## [Stored data]
=====

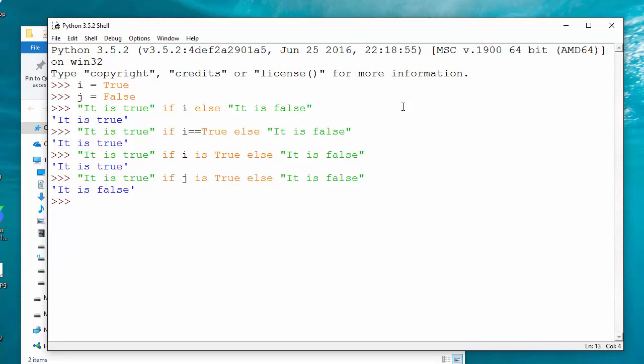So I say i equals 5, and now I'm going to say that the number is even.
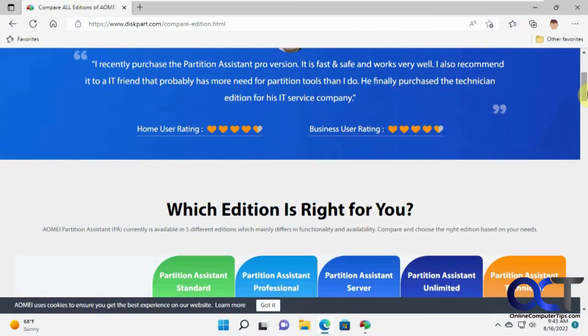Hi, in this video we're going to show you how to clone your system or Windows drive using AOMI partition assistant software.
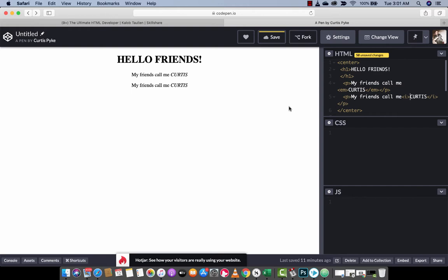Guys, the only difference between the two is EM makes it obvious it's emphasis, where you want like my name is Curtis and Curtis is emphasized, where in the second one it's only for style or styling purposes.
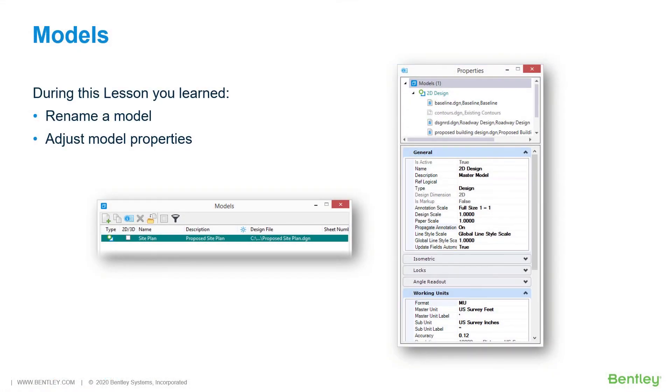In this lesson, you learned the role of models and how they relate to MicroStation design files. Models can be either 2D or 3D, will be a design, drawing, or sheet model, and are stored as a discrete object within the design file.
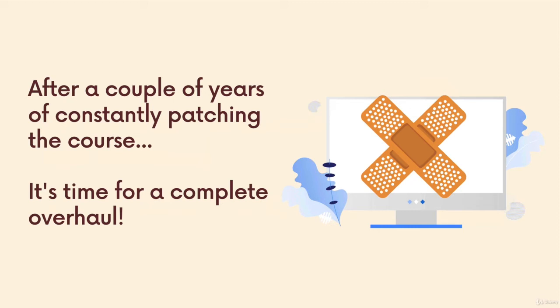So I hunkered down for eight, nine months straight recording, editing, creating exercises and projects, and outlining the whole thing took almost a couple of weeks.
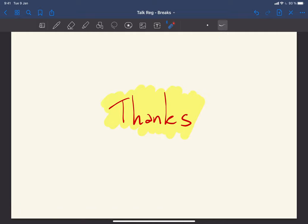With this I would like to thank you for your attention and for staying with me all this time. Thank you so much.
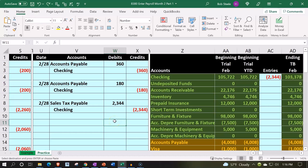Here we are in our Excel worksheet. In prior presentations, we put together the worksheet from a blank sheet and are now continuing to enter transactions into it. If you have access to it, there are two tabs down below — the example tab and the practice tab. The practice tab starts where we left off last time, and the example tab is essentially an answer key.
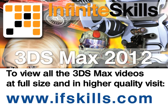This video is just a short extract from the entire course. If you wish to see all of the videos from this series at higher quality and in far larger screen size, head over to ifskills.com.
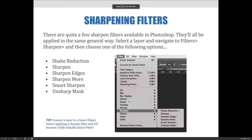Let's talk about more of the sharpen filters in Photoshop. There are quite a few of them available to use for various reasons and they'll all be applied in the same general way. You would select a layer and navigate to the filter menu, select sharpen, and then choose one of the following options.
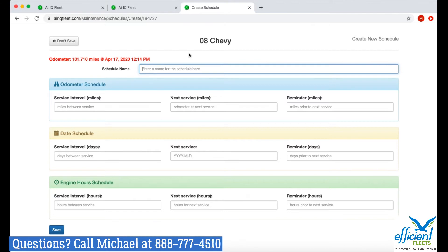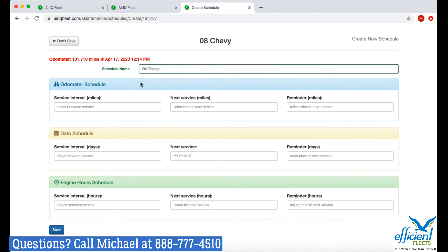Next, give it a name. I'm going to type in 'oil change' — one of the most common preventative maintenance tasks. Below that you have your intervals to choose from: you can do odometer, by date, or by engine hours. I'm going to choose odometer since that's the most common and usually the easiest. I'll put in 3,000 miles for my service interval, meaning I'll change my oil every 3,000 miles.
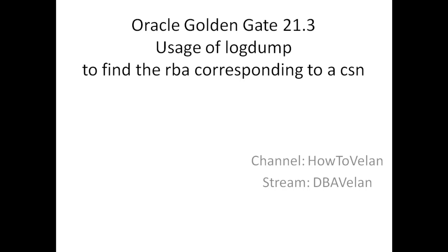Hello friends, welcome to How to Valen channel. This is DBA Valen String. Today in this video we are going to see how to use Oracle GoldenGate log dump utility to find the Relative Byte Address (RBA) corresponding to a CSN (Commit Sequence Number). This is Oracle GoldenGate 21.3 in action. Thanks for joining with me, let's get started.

=====

## [ASSIGNMENT]
Copy every line above exactly; images stay out.

## [EXERCISE RESULT]
So I say i equals 5, and now I'm going to say that the number is even.
Hi, in this video we're going to show you how to clone your system or Windows drive using AOMI partition assistant software.
Guys, the only difference between the two is EM makes it obvious it's emphasis, where you want like my name is Curtis and Curtis is emphasized, where in the second one it's only for style or styling purposes.
In this lesson, you learned the role of models and how they relate to MicroStation design files. Models can be either 2D or 3D, will be a design, drawing, or sheet model, and are stored as a discrete object within the design file.
So I hunkered down for eight, nine months straight recording, editing, creating exercises and projects, and outlining the whole thing took almost a couple of weeks.
With this I would like to thank you for your attention and for staying with me all this time. Thank you so much.
Here we are in our Excel worksheet. In prior presentations, we put together the worksheet from a blank sheet and are now continuing to enter transactions into it. If you have access to it, there are two tabs down below — the example tab and the practice tab. The practice tab starts where we left off last time, and the example tab is essentially an answer key.
This video is just a short extract from the entire course. If you wish to see all of the videos from this series at higher quality and in far larger screen size, head over to ifskills.com.
Let's talk about more of the sharpen filters in Photoshop. There are quite a few of them available to use for various reasons and they'll all be applied in the same general way. You would select a layer and navigate to the filter menu, select sharpen, and then choose one of the following options.
Next, give it a name. I'm going to type in 'oil change' — one of the most common preventative maintenance tasks. Below that you have your intervals to choose from: you can do odometer, by date, or by engine hours. I'm going to choose odometer since that's the most common and usually the easiest. I'll put in 3,000 miles for my service interval, meaning I'll change my oil every 3,000 miles.
Hello friends, welcome to How to Valen channel. This is DBA Valen String. Today in this video we are going to see how to use Oracle GoldenGate log dump utility to find the Relative Byte Address (RBA) corresponding to a CSN (Commit Sequence Number). This is Oracle GoldenGate 21.3 in action. Thanks for joining with me, let's get started.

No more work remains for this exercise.